Suitable carboxylates include: acetate, trifluoroacetate, propionate, butyrates, hexanoate, octanoate, decanoate, stearate, isobutyrate, t-butylacetate, heptafluorobutyrate, methoxyacetate, ethoxyacetate, methoxypropionate, 2-ethylhexanoate, 2-(2-methoxyethoxy)acetate, 2-[2-(2-methoxyethoxy)ethoxy]acetate, (methylthio)acetate, tetrahydro-2-furoate, 4-acetylbutyrate, phenylacetate, 3-methoxyphenylacetate, (trimethylsilyl)acetate, 3-(trimethylsilyl)propionate, maleate, benzoate, acetylenedicarboxylate, and mixtures thereof.

Thio- and Selenolates. Suitable thio- and selenolates include: 1-thioglycerol, phenylthio, ethylthio, methylthio, n-propylthio, i-propylthio, n-butylthio, i-butylthio, t-butylthio, n-pentylthio, n-hexylthio, n-heptylthio, n-octylthio, n-nonylthio, n-decylthio, n-dodecyithio, 2-methoxyethylthio, 2-ethoxyethylthio, 1,2-ethanedithiolate, 2-pyridinethiolate, 3,5-bis(trifluoromethyl)benzenethiolate, toluene-3,4-dithiolate, 1,2-benzenedithiolate, 2-dimethylaminoethanethialate, 2-diethylaminoethanethiolate, 2-propene-1-thiolate, 2-hydroxythiolate, 3-hydroxythiolate, methyl-3-mercaptopropionate anion, cyclopentanethiolate, 2-(2-methoxyethoxy)ethanethiolate, 2-(trimethylsilyl)ethanethiolate, pentafluorophenylthiolate, 3,5-dichlorobenzenethiolate, phenylthiolate, cyclohexanethiolate, 4-chlorobenzenemethanethiolate, 4-fluorobenzenemethanethiolate, 2-methoxybenzenethiolate, 4-methoxybenzenethiolate, benzylthiolate, 3-methylbenzylthialate, 3-ethoxybenzenethiolate, 2,5-dimethoxybenzenethiolate, 2-phenylethanethiolate, 4-t-butylbenzenethiolate, 4-t-butylbenzylthiolate, phenylselenolate, methylselenolate, ethylselenolate, n-propylselenolate, i-propylselenolate, n-butylselenolate, i-butylselenolate, t-butylselenolate, pentylselenolate, hexylselenolate, octylselenolate, benzylselenolate, and mixtures thereof.
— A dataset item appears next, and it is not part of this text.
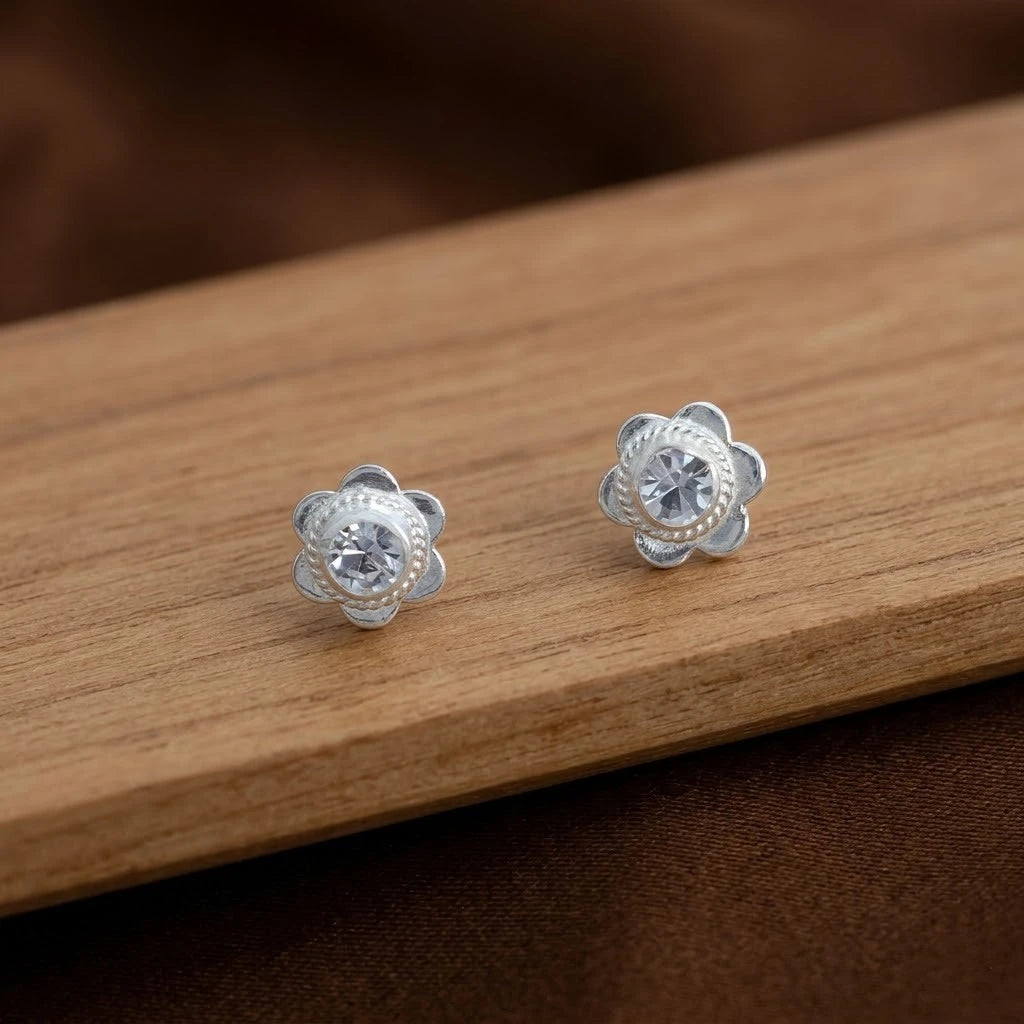 Elegant Floral Silver Stud Earrings with Sparkling Stone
Suitable thio-, seleno-, and dithiocarboxylates include: thioacetate, thiobenzoate, selenobenzoate, dithiobenzoate, and mixtures thereof. Suitable dithio-, diseleno-, and thioselenocarbamates include: dimethyldithiocarbamate, diethyldithiocarbamate, dipropyldithiocarbamate, dibutyldithiocarbamate, bis(hydroxyethyl)dithiocarbamate, dibenzyldithiocarbamate, dimethyldiselenocarbamate, diethyldiselenocarbamate, dipropyldiselenocarbamate, dibutyldiselenocarbamate, dibenzyldiselenocarbamate, and mixtures thereof. Suitable dithioxanthogenates include: methylxanthogenate, ethylxanthogenate, i-propylxanthogenate, and mixtures thereof.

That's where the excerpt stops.